— INFORMATION SHOWN —
-- Opening Marker --

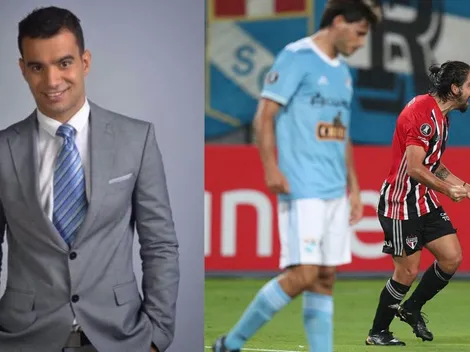 Maxi Mendaña consideró que Sao Paulo "sacó el pie del acelerador" contra Cristal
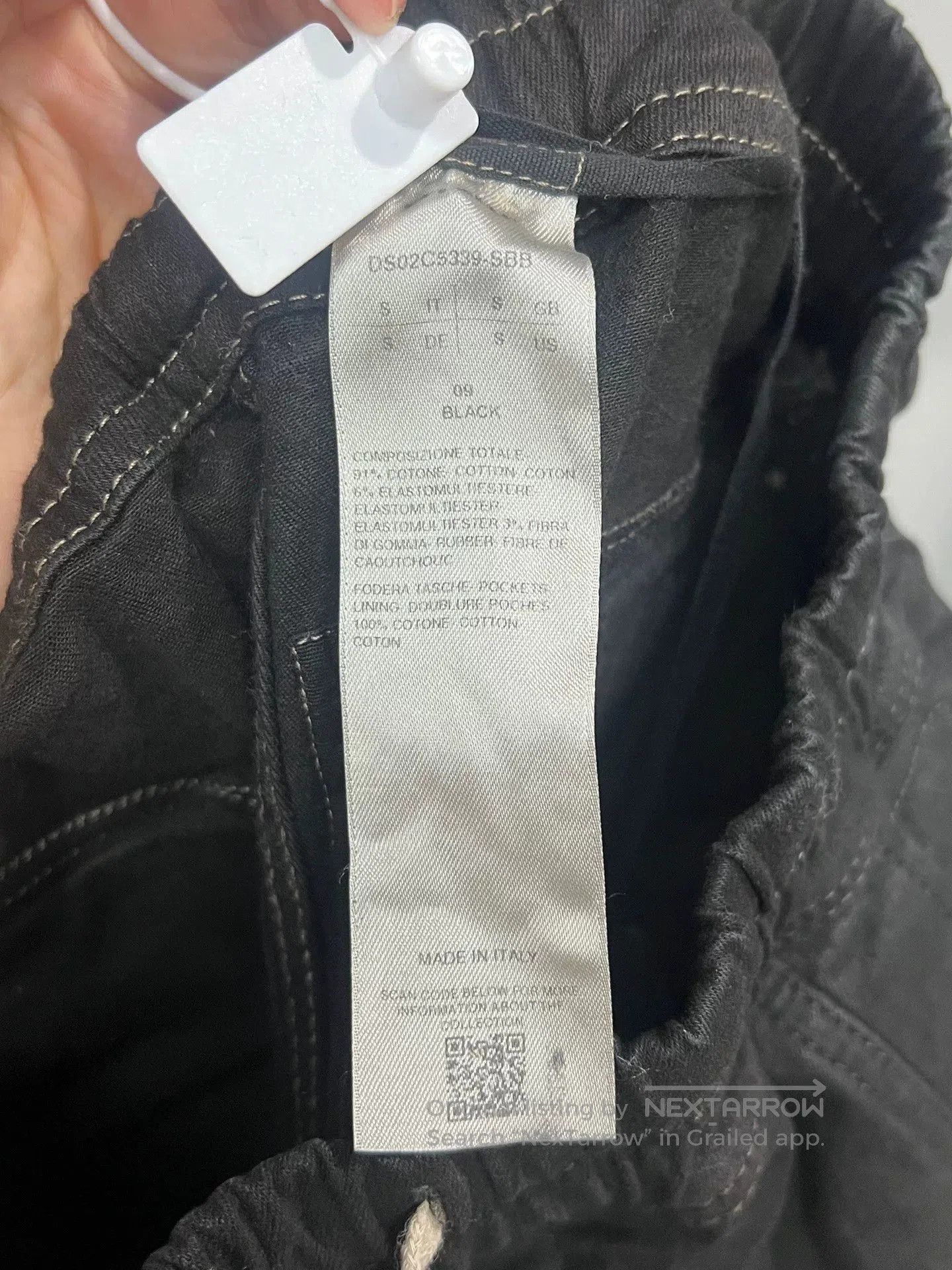 Rick Owens rick owens waxed cargo pants size s. Size US 26 / EU 42 - 3 Thumbnail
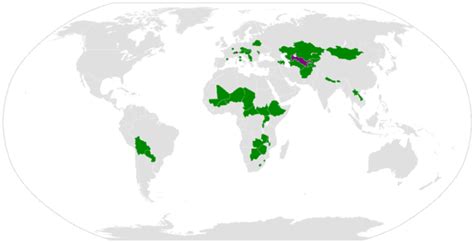 Landlocked Countries - Geography Realm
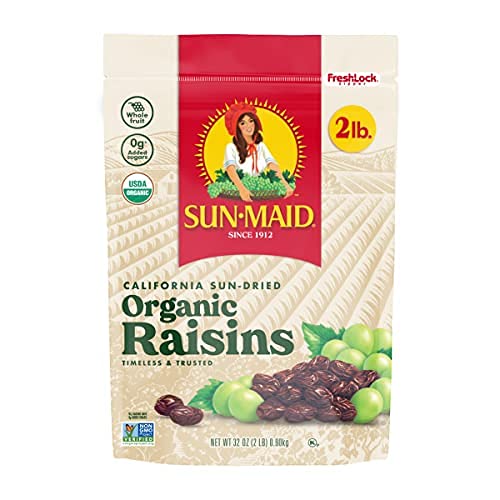Sun-Maid 289685 Organic California Sun-Dried Raisins thumb #1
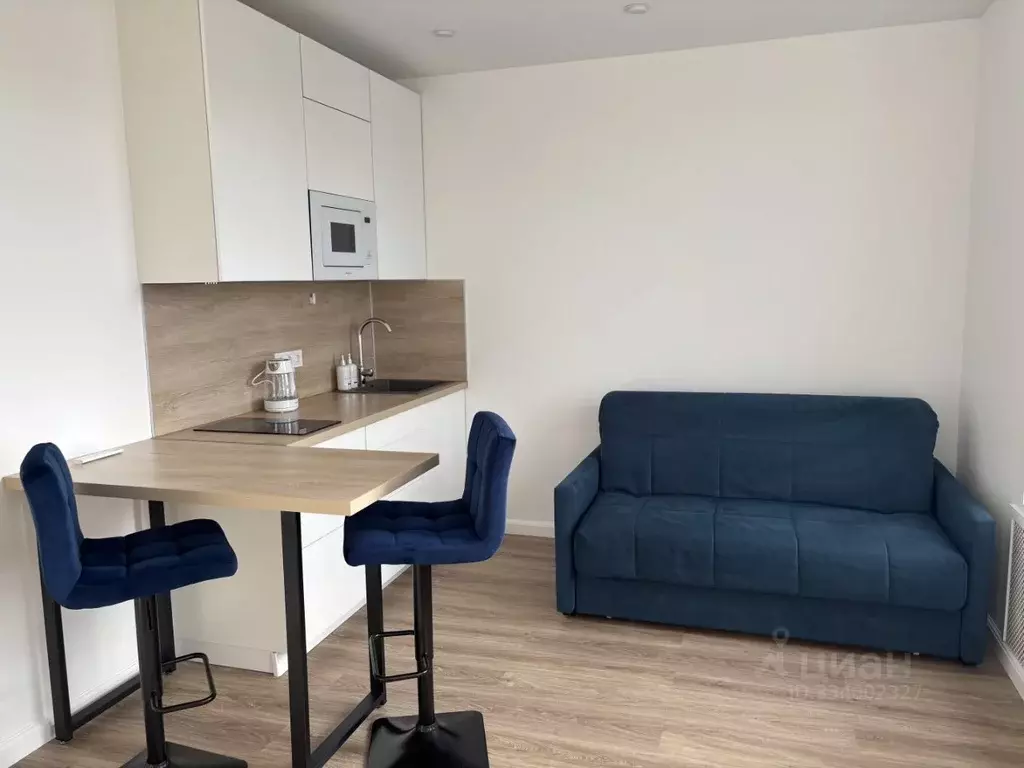 Студия Москва Производственная ул., 19к1 (24.0 м) - Фото 1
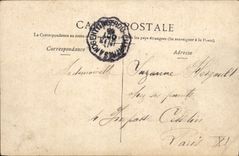 CPA Fleurs qui parlent Le Posier 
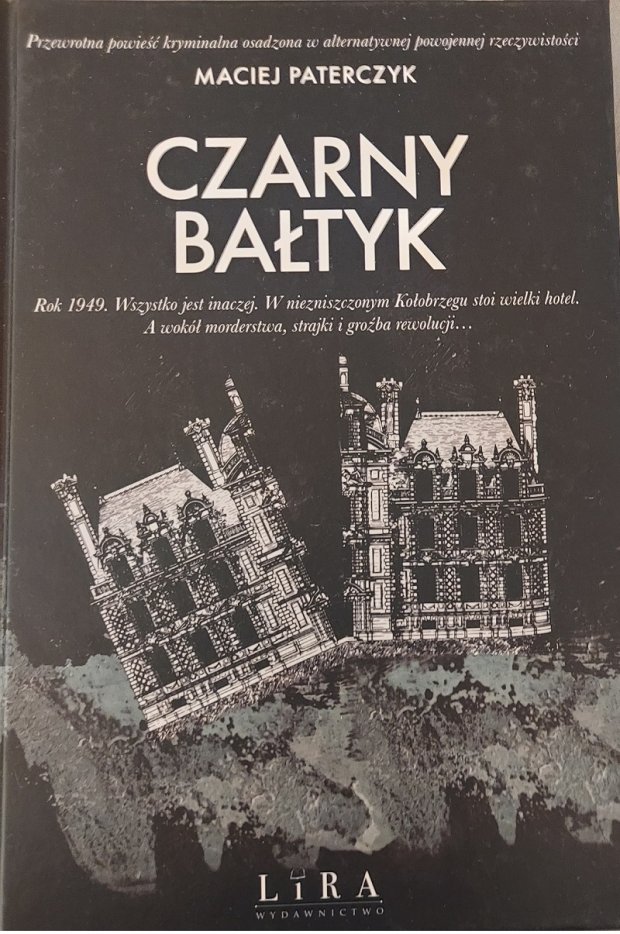 Czarny Bałtyk okładka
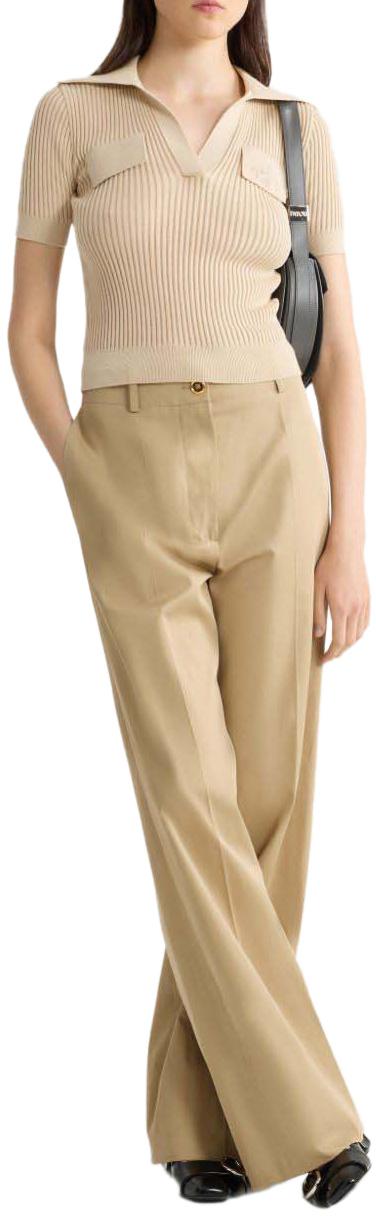 26SS 파투 스웨터 KN3418094124B BEIGE - PATOU
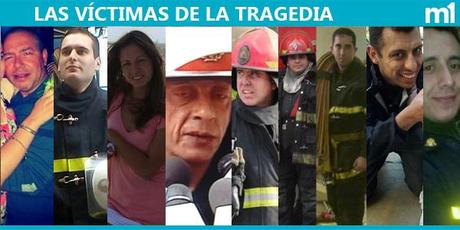 La nómina completa de las víctimas de la tragedia de Barracas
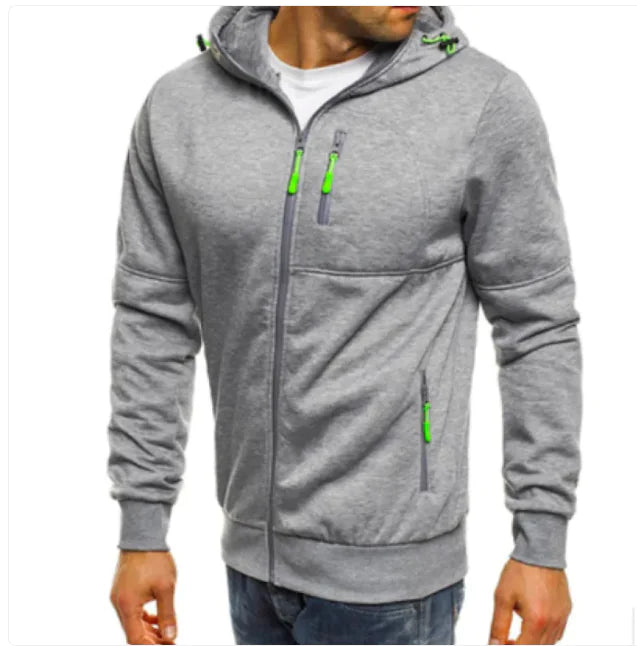 Casual Cotton Hoodie Jacket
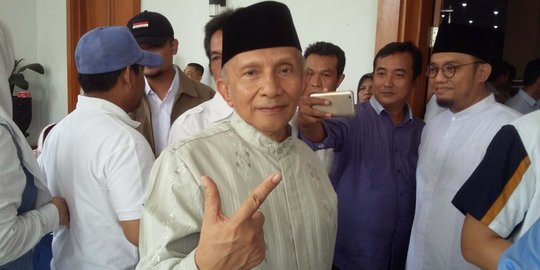 Kerap Sebut Potensi Kecurangan, Amien Rais Bantah Mau Delegitimasi Pemilu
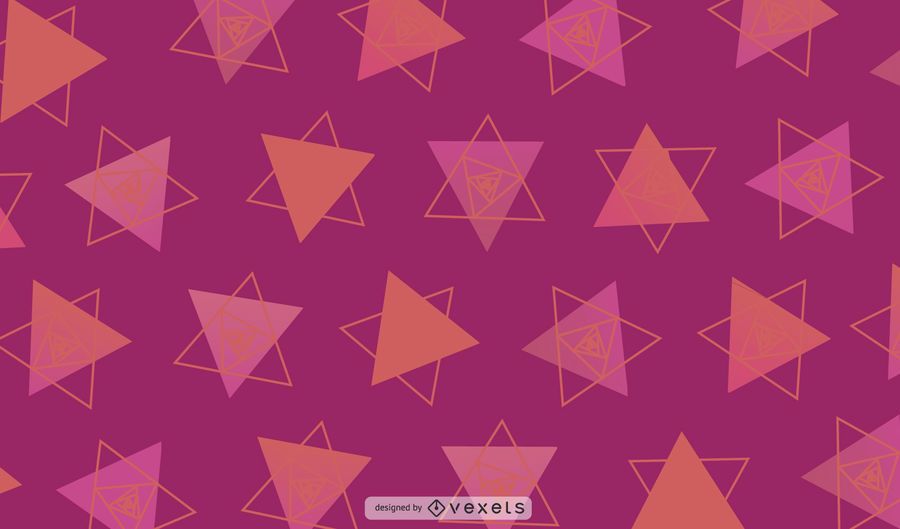 Dreieck fokussiertes geometrisches Design Dreieck fokussiertes geometrisches Design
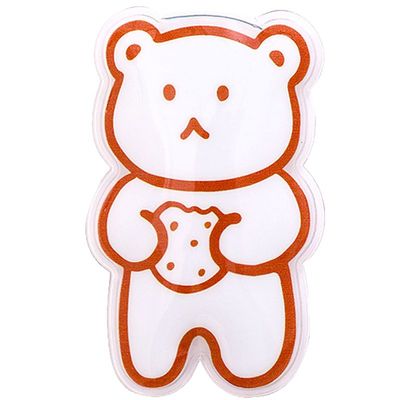 卡通掰热乐暖手宝拜拜一掰就热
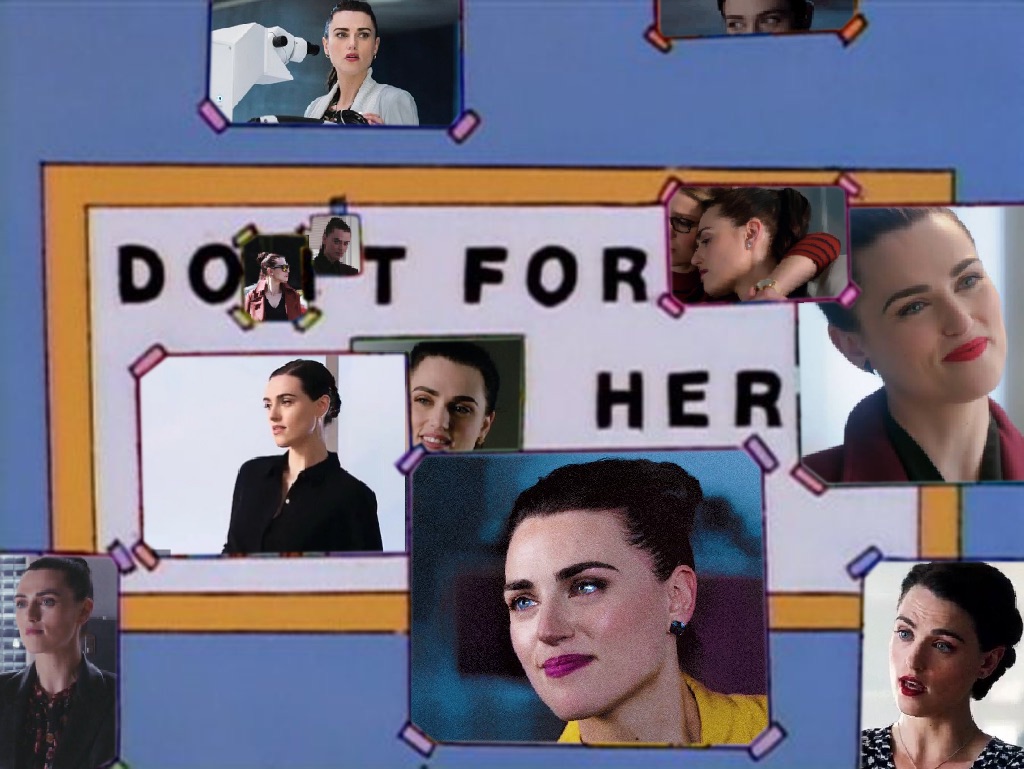 Lena is trending simply because a lot of people love her. She really is that girl. 

5 YEARS OF LENA LUTHOR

-- Closing Marker --

— WHAT YOU HAVE TO DO —
Could you output every record above exactly as written, leaving out the pictures?

— ANSWER BELOW —
 Maxi Mendaña consideró que Sao Paulo "sacó el pie del acelerador" contra Cristal
 Rick Owens rick owens waxed cargo pants size s. Size US 26 / EU 42 - 3 Thumbnail
 Landlocked Countries - Geography Realm
Sun-Maid 289685 Organic California Sun-Dried Raisins thumb #1
 Студия Москва Производственная ул., 19к1 (24.0 м) - Фото 1
 CPA Fleurs qui parlent Le Posier 
 Czarny Bałtyk okładka
 26SS 파투 스웨터 KN3418094124B BEIGE - PATOU
 La nómina completa de las víctimas de la tragedia de Barracas
 Casual Cotton Hoodie Jacket
 Kerap Sebut Potensi Kecurangan, Amien Rais Bantah Mau Delegitimasi Pemilu
 Dreieck fokussiertes geometrisches Design Dreieck fokussiertes geometrisches Design
 卡通掰热乐暖手宝拜拜一掰就热
 Lena is trending simply because a lot of people love her. She really is that girl. 

5 YEARS OF LENA LUTHOR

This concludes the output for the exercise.